**PROMPT**
What you return must match the listing below line for line, minus its pictures.

**DATASET SECTION**
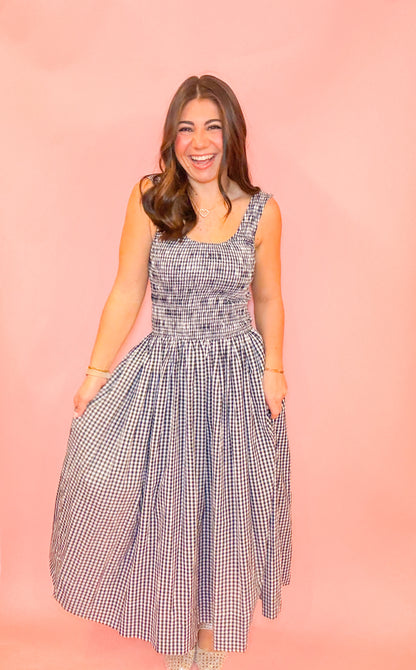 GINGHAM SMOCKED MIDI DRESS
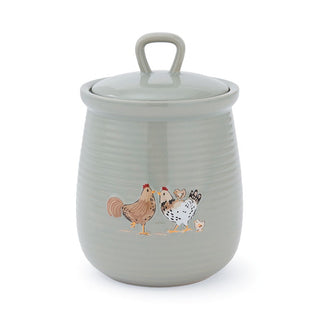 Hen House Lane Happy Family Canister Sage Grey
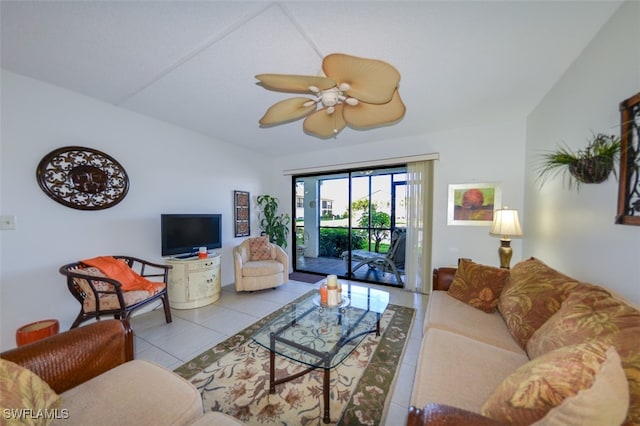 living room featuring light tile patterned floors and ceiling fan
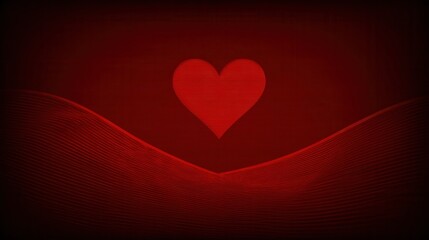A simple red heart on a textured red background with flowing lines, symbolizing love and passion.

**WRITTEN SOLUTION**
 GINGHAM SMOCKED MIDI DRESS
 Hen House Lane Happy Family Canister Sage Grey
 living room featuring light tile patterned floors and ceiling fan
A simple red heart on a textured red background with flowing lines, symbolizing love and passion.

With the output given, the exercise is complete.